Most of the extra time is taken by sring. The overhead is constant, however (for a given expression). So for series_fast(sin(a**2 + a*b), a, 10) the extra routines take about 50% of the total time (the function is 2-4 x slower). For series_fast(sin(a**2 + a*b), a, 100), they take 2% of the total time and the function is almost as fast as on QQ

There is, of course scope for speedup in sring (as mentioned in its file). Another option is to minimise the number of calls to sring, if possible to just one (in the series_fast function).

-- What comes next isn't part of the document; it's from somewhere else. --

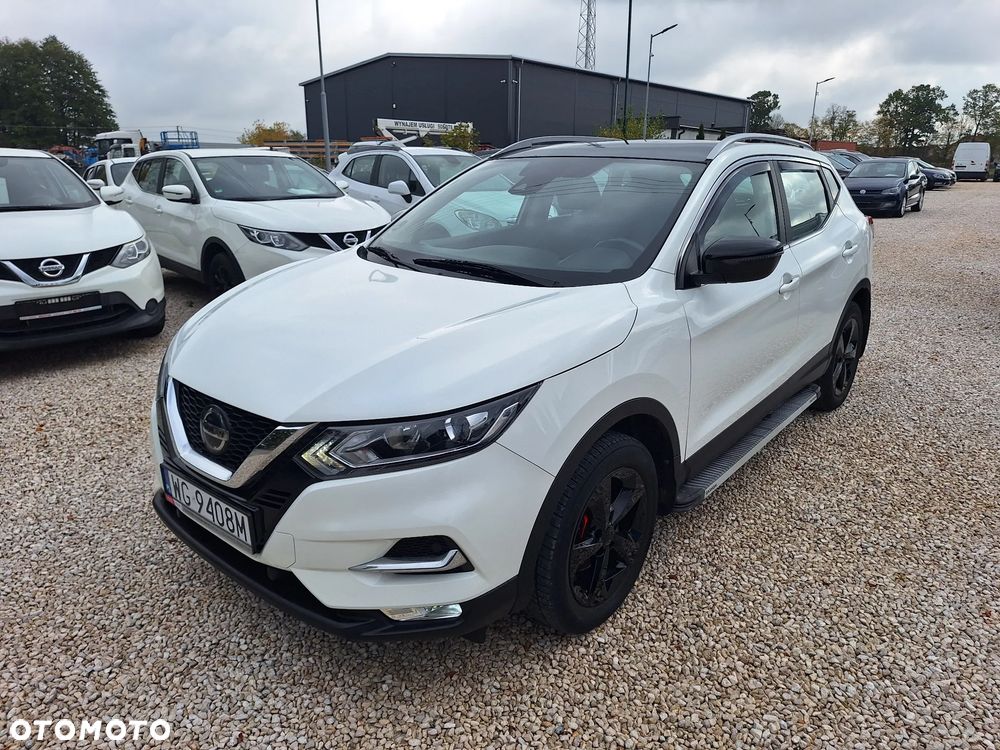 Nissan Qashqai 1.3 DIG-T SHIRO - 1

In my last post I talked about the new solveset module that Harsh and Amit are working on. I am working with them and I sent a patch to add a domain argument to the solveset function. It is pretty cool stuff in that solution is always guaranteed to be complete.

Next Week

I haven't been yet been able to start porting the code to Symengine as the Polynomial wrappers are not yet ready. Hopefully, they should be done by the next week. Till, then I will focus on improving series_fast and any interesting issues that come my way.

  • Write a fully functional series_fast. Profile it properly and optimise it.

  • Polynomial wrappers.

  • Document the functions and algorithms used in ring_series.py

Cheers!!

GSoC Week 9

Like I said in my last post, this was my first week in college after summer vacation. I had to reschedule my daily work according to my class timings (which are pretty arbitrary). Anyway, since I do not have a test anytime soon, things were manageable.

So Far

Ring Series

This week I worked on rs_series in PR 9614. As Donald Knuth succinctly said, 'Premature optimisation is the root of all evil', my first goal was to write a function that used ring_series to expand Basic expressions and worked in all cases. That has been achieved. The new function is considerably faster than SymPy's series in most cases. eg.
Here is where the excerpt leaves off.